That match came in the form of a fledgling 24-hour sports network moving into a void, and putting it on television.

ESPN, less than a year old, televised the NFL Draft for the first time in 1980, representing a seminal moment in the rise of the draft craze. An AP article at the time, “ESPN lines up expert staff to analyze draft on television,” outlined how the network undertook the process.

It seems unfathomable now when the NFL owners seemingly squeeze every last dollar out of everything, but in 1980, the NFL did not charge ESPN any rights fee to broadcast the first draft.

“ESPN, which is spending some $100,000 on production costs, is not paying the NFL anything. The league views it as a news event, whether an organization covers one minute or the expected eight hours,” the AP reported.

That first draft show was hosted on site by broadcasters George Grande and Spencer Ross, with commentary from former Baltimore and San Francisco general manager Joe Thomas. Bob Halloran and Linda Sutter were reporters on-site, while former Patriots GM Upton Bell, Howard Balzer of The Sporting News, and Vince Papale (of “Invincible” fame) were in studio in Bristol.

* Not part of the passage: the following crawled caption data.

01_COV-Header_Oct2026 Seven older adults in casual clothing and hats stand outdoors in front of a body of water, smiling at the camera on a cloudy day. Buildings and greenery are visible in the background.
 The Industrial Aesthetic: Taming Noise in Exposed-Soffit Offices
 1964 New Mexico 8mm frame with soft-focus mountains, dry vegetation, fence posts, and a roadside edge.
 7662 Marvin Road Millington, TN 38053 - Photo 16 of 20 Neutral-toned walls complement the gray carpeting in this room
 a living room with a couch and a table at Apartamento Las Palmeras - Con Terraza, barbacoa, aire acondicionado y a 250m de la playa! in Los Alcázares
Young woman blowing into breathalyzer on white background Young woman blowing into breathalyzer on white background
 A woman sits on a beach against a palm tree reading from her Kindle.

“For the uninitiated, watching the draft of college talent is a lot like sitting in the gallery of Congress,” the AP wrote. “There are some moments of frenzy and many moments of people milling around and others of just plain snoozing.”

The frenzy, though, when it came to passion and interest in the draft, had been growing over time. We see it today, reflected and mixed with conveniences of modern technology We can measure it, produce it and coordinate it at lightning-quick rates. Why does everyone do mock drafts? Because people read them, in large numbers, plain and simple, and that thirst is not new.

"“Everyone, it seems, is a draft expert. From sportswriters to radio and television men to just plain fans, everyone has their own in-depth, comprehensive, never-before-seen draft analysis.”"

That quote comes not from 2017, from a time when every thought in every community is available to find on the Internet, but rather from before the 1984 draft, in an article by Steve Herrick of the Elyria (Oh.) Chronicle Telegram.

That, by the way, was written just before someone by the name of Mel Kiper, Jr. first made an appearance on ESPN, during coverage of the 1984 NFL Draft.

WHO THE HELL IS MEL KIPER?

You can’t tell the story of the rise of the NFL Draft media madness without Mel Kiper, Jr., who as a teenager began his draft business in Baltimore in 1979.

Kiper, now 56, began attending Baltimore Colts’ training camp when he was 16 years old, where he met the team’s general manager, Ernie Accorsi. Kiper began writing the first of his draft guides during the 1978 season, for the 1979 draft. Initially, he submitted them to front offices around the league.

“That was really the driving force behind the books, was the encouragement I got from people in the league,” Kiper told The Big Lead. “Ernie Accorsi said, ‘Hey, don’t just send this stuff out to me and writers. Make this available to the public, this could be a helluva business for you.'”

Kiper cited several others who gave him encouragement early and drove him forward, calling Jack Faulkner (long-time coach and front office man with the Los Angeles Rams) “one of the best friends I had in the league,” in a relationship that began in those early days. He also got letters from the likes of Don Shula, Bill Walsh and Tom Landry, which he still has at his home. “They didn’t know how old I was, they probably thought I was 40,” Kiper quipped.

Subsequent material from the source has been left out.